WHAT YOU HAVE TO DO:
From the records below, print only the part that opens with the line containing "Essentially this takes" and closes with the line containing "To activate crying, open"; omit the pictures.

RECORDED DATA:
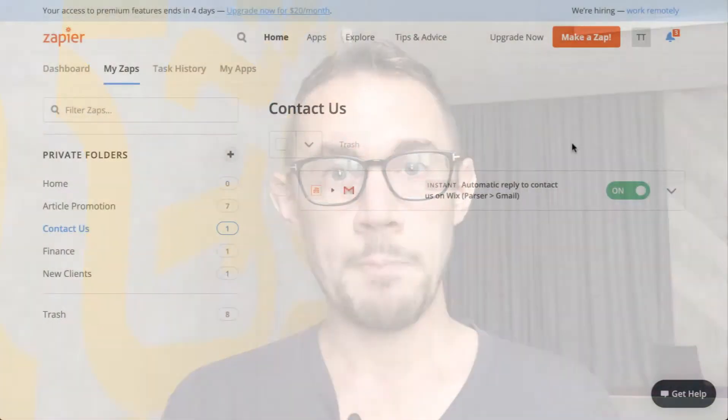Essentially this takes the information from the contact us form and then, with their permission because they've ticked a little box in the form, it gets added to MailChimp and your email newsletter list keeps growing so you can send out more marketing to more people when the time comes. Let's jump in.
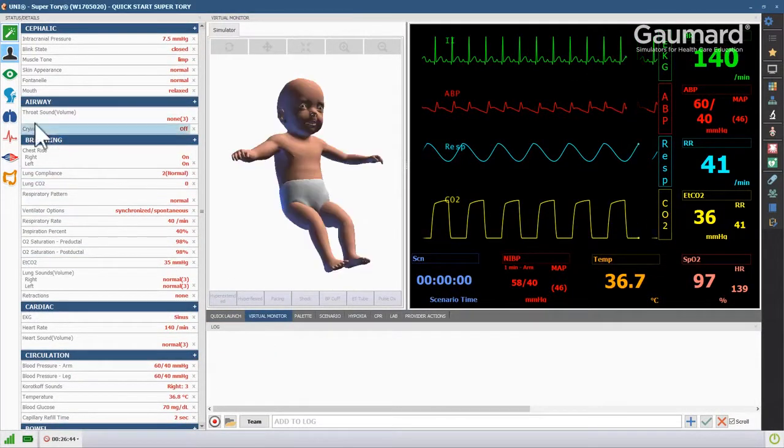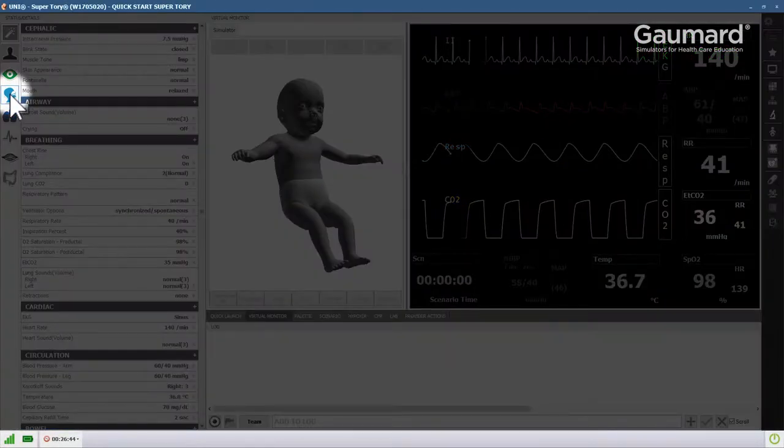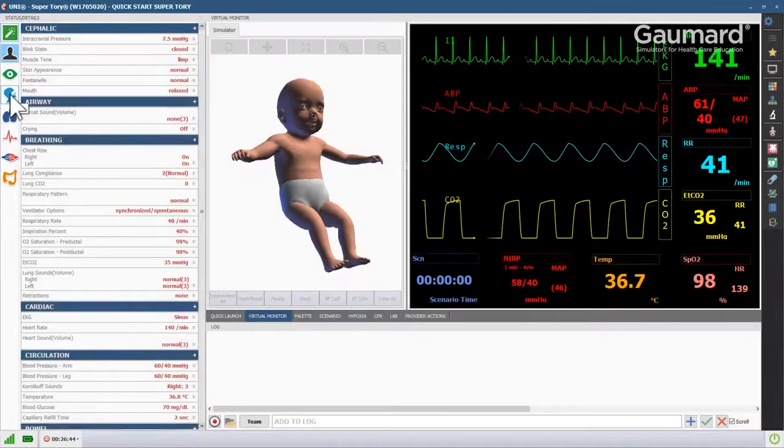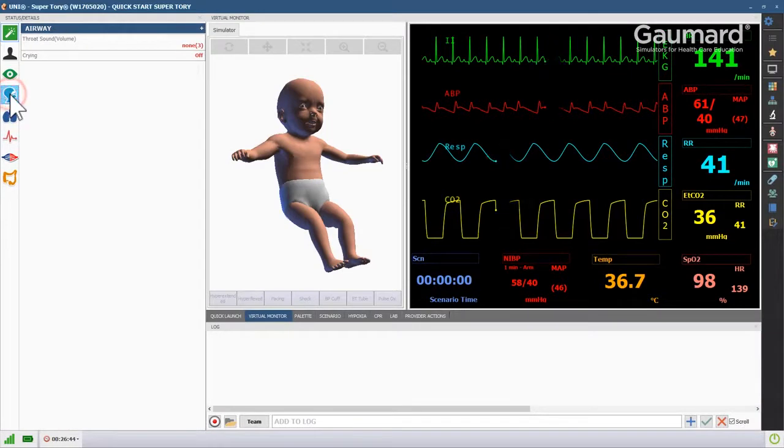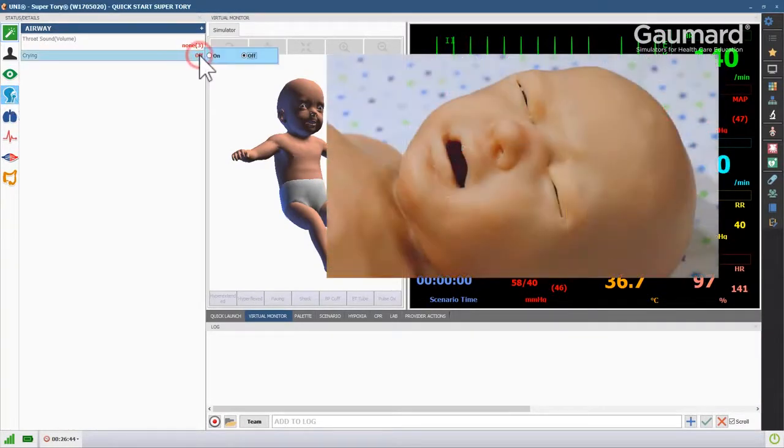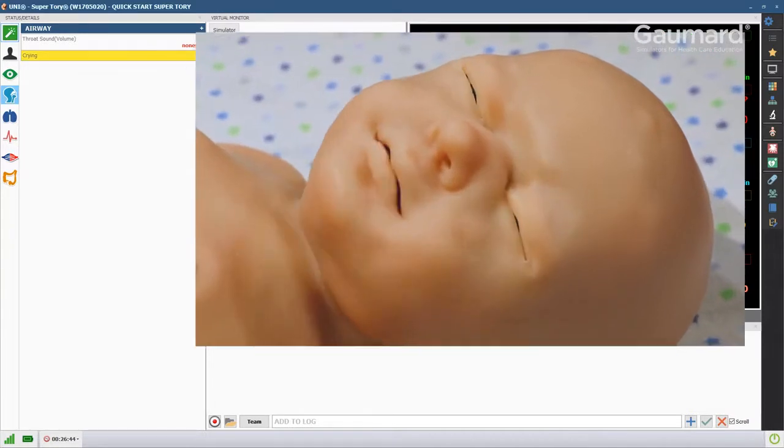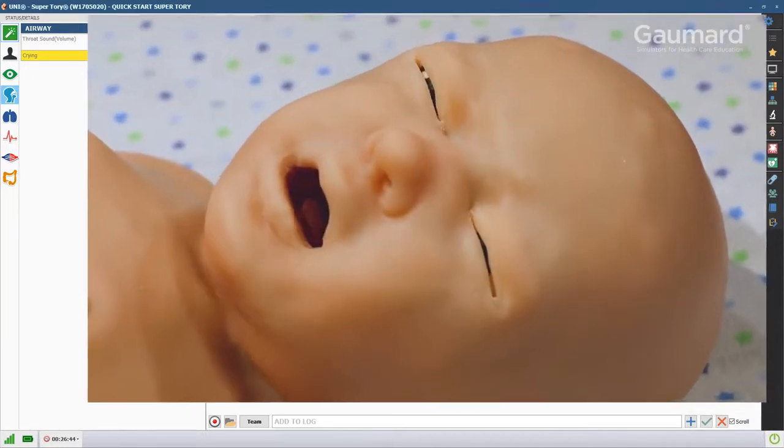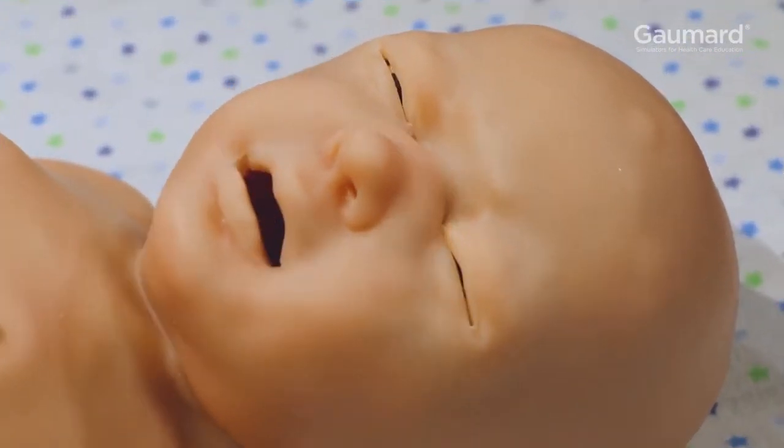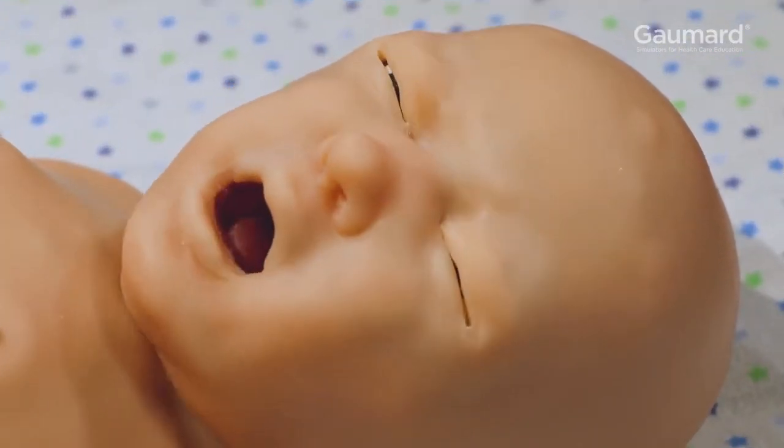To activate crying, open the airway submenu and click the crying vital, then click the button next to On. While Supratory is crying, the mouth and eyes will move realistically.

--

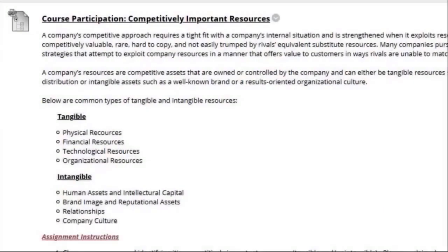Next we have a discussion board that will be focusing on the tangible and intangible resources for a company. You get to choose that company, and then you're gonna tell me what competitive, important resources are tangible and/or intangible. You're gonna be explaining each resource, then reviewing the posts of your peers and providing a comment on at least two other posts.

WRITTEN SOLUTION:
Essentially this takes the information from the contact us form and then, with their permission because they've ticked a little box in the form, it gets added to MailChimp and your email newsletter list keeps growing so you can send out more marketing to more people when the time comes. Let's jump in.
To activate crying, open the airway submenu and click the crying vital, then click the button next to On. While Supratory is crying, the mouth and eyes will move realistically.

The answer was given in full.